Still, the ideas had emerged from months of private deliberations among college sports executives, who had long fretted over legislation in America’s statehouses that challenged the N.C.A.A.’s approach. Some changes by the N.C.A.A., some university leaders hoped, could perhaps steer the association away from deeper political turmoil.
A Florida law to expand student-athlete rights is scheduled to take effect this summer, and the California measure that in 2019 jump-started the N.C.A.A.’s debate is currently planned to come into force in 2023. (The author of the California measure has proposed having the state’s law take effect as early as Aug. 1 of this year, a month after the Florida statute.)
But in a four-page letter first reported by USA Today on Friday, Makan Delrahim, who oversees antitrust issues at the Justice Department, warned Emmert that the government wanted to ensure that any N.C.A.A. rules “will allow college athletes to benefit from robust competition for their talents.”

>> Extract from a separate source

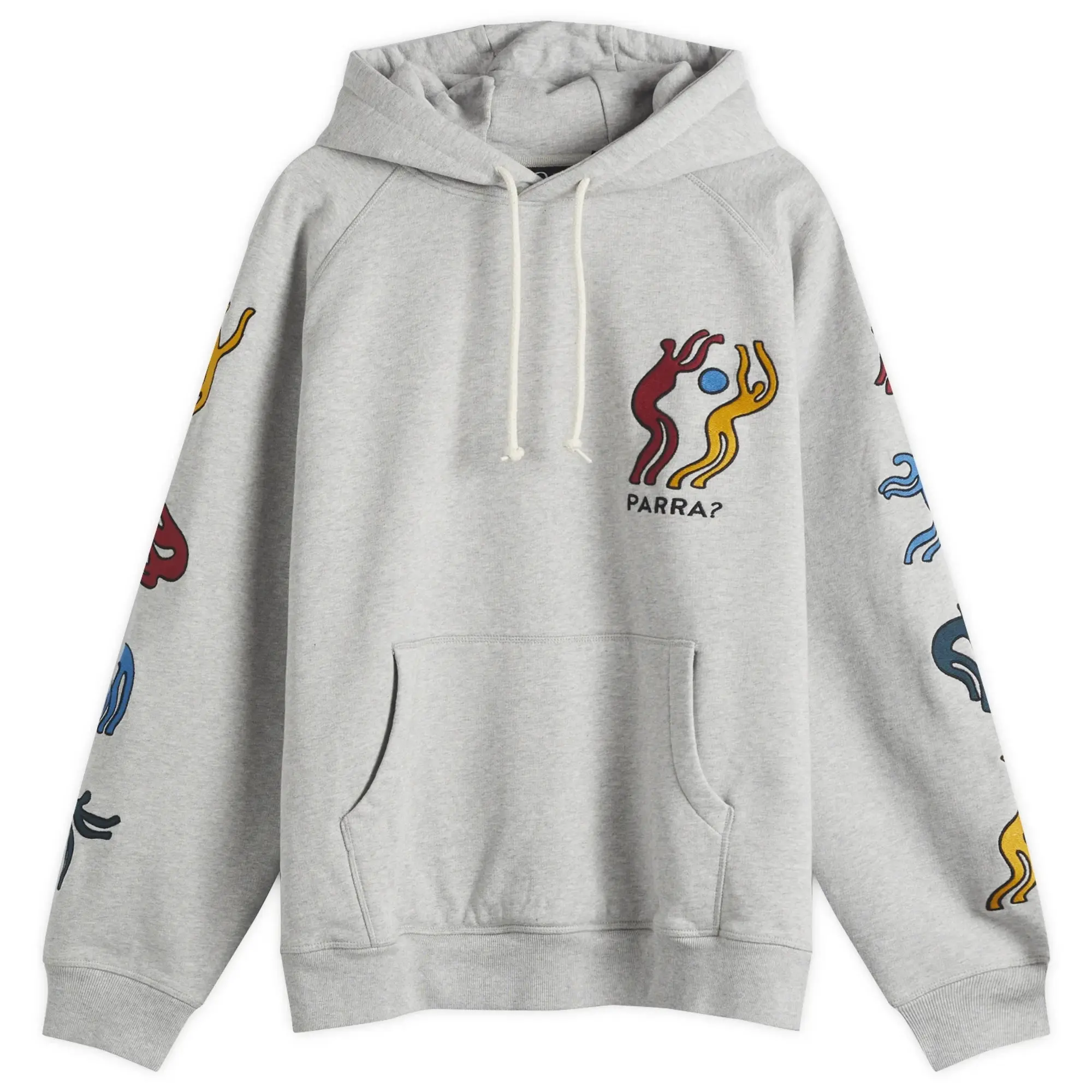 by Parra La chambre nuit hooded sweatshirt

“College athletes, like any other American, deserve competition on and off the field,” said Delrahim, the assistant attorney general to whom Emmert wrote on Saturday.
In an interview on Saturday night, Emmert repeatedly expressed frustration and described the Justice Department’s move, which he said had stunned N.C.A.A. officials, as a “massive monkey wrench” that eviscerated months of careful planning.
“We were right on the cusp of making some really, really important changes to provide some much-needed flexibility and, all of a sudden, now we’ve got to pause,” said Emmert, who nevertheless vowed that the N.C.A.A. would ultimately change its rules.
“We just have to use whatever time it takes to sort this out” with the government, he said.
Even before the Justice Department aired its misgivings, some of the most influential figures in college sports, including Greg Sankey, the commissioner of the Southeastern Conference, had suggested that N.C.A.A. officials consider delaying votes on the subject. Recent and imminent machinations in Washington, they reasoned, could reshuffle the debate once more.
Perhaps most crucially, the United States Supreme Court recently agreed to hear the association’s appeal in an antitrust case related to benefits for student-athletes. The shifting balance of power in Washington is also certain to affect deliberations over a possible federal law governing college athletics.
Senator Cory Booker, Democrat of New Jersey, for instance, in December announced a proposal to give student-athletes a share of the profits in moneymaking sports like basketball and football. A Republican-led bill that surfaced in the Senate last year would have granted the N.C.A.A. an antitrust exemption.
But for all of the bubbling interest in Washington — and college sports issues have bubbled for years in the capital — it is not clear how urgently either the House or Senate will consider any of the measures, much less advance them.
Although name, image and likeness issues have drawn the most consistent attention from government officials, Emmert also recommended delaying consideration of a plan to drop a one-year wait time and allow athletes in five sports — baseball, basketball, football and men’s ice hockey — to play immediately after transferring between schools. The plan, supporters contend, would “create a uniform, equitable approach to transfer eligibility in all sports.”
Although Delrahim said the Justice Department supported the push to change the one-year rule, he voiced misgivings about other existing parts of the transfer policy and worried that they would “unreasonably deter students from entering the transfer process” if they remained in place.